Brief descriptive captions
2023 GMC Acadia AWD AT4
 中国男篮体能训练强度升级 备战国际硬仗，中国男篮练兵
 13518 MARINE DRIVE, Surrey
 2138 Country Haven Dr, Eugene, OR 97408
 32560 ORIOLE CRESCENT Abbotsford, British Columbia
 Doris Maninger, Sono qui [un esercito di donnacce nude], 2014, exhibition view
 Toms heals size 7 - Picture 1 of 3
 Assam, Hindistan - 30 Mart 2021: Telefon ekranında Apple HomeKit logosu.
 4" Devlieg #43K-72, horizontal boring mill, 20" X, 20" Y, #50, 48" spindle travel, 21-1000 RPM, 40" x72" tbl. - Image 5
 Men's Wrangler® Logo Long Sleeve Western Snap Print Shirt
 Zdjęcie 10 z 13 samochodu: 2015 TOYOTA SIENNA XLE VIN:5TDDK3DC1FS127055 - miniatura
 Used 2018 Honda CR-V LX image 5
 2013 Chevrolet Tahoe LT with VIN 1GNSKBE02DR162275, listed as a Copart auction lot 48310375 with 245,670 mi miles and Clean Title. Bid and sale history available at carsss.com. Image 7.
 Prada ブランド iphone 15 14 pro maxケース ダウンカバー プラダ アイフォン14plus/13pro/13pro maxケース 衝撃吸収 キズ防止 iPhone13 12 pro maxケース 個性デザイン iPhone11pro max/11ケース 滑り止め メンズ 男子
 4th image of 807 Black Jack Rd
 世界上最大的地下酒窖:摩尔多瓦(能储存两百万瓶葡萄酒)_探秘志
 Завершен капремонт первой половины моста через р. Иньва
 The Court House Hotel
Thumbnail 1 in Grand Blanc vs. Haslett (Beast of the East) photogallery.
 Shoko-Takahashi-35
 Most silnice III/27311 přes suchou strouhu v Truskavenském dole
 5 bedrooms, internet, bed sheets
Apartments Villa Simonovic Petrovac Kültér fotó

== Task ==
Each entry needs to be given again exactly as it stands.

== Exercise answer ==
2023 GMC Acadia AWD AT4
 中国男篮体能训练强度升级 备战国际硬仗，中国男篮练兵
 13518 MARINE DRIVE, Surrey
 2138 Country Haven Dr, Eugene, OR 97408
 32560 ORIOLE CRESCENT Abbotsford, British Columbia
 Doris Maninger, Sono qui [un esercito di donnacce nude], 2014, exhibition view
 Toms heals size 7 - Picture 1 of 3
 Assam, Hindistan - 30 Mart 2021: Telefon ekranında Apple HomeKit logosu.
 4" Devlieg #43K-72, horizontal boring mill, 20" X, 20" Y, #50, 48" spindle travel, 21-1000 RPM, 40" x72" tbl. - Image 5
 Men's Wrangler® Logo Long Sleeve Western Snap Print Shirt
 Zdjęcie 10 z 13 samochodu: 2015 TOYOTA SIENNA XLE VIN:5TDDK3DC1FS127055 - miniatura
 Used 2018 Honda CR-V LX image 5
 2013 Chevrolet Tahoe LT with VIN 1GNSKBE02DR162275, listed as a Copart auction lot 48310375 with 245,670 mi miles and Clean Title. Bid and sale history available at carsss.com. Image 7.
 Prada ブランド iphone 15 14 pro maxケース ダウンカバー プラダ アイフォン14plus/13pro/13pro maxケース 衝撃吸収 キズ防止 iPhone13 12 pro maxケース 個性デザイン iPhone11pro max/11ケース 滑り止め メンズ 男子
 4th image of 807 Black Jack Rd
 世界上最大的地下酒窖:摩尔多瓦(能储存两百万瓶葡萄酒)_探秘志
 Завершен капремонт первой половины моста через р. Иньва
 The Court House Hotel
Thumbnail 1 in Grand Blanc vs. Haslett (Beast of the East) photogallery.
 Shoko-Takahashi-35
 Most silnice III/27311 přes suchou strouhu v Truskavenském dole
 5 bedrooms, internet, bed sheets
Apartments Villa Simonovic Petrovac Kültér fotó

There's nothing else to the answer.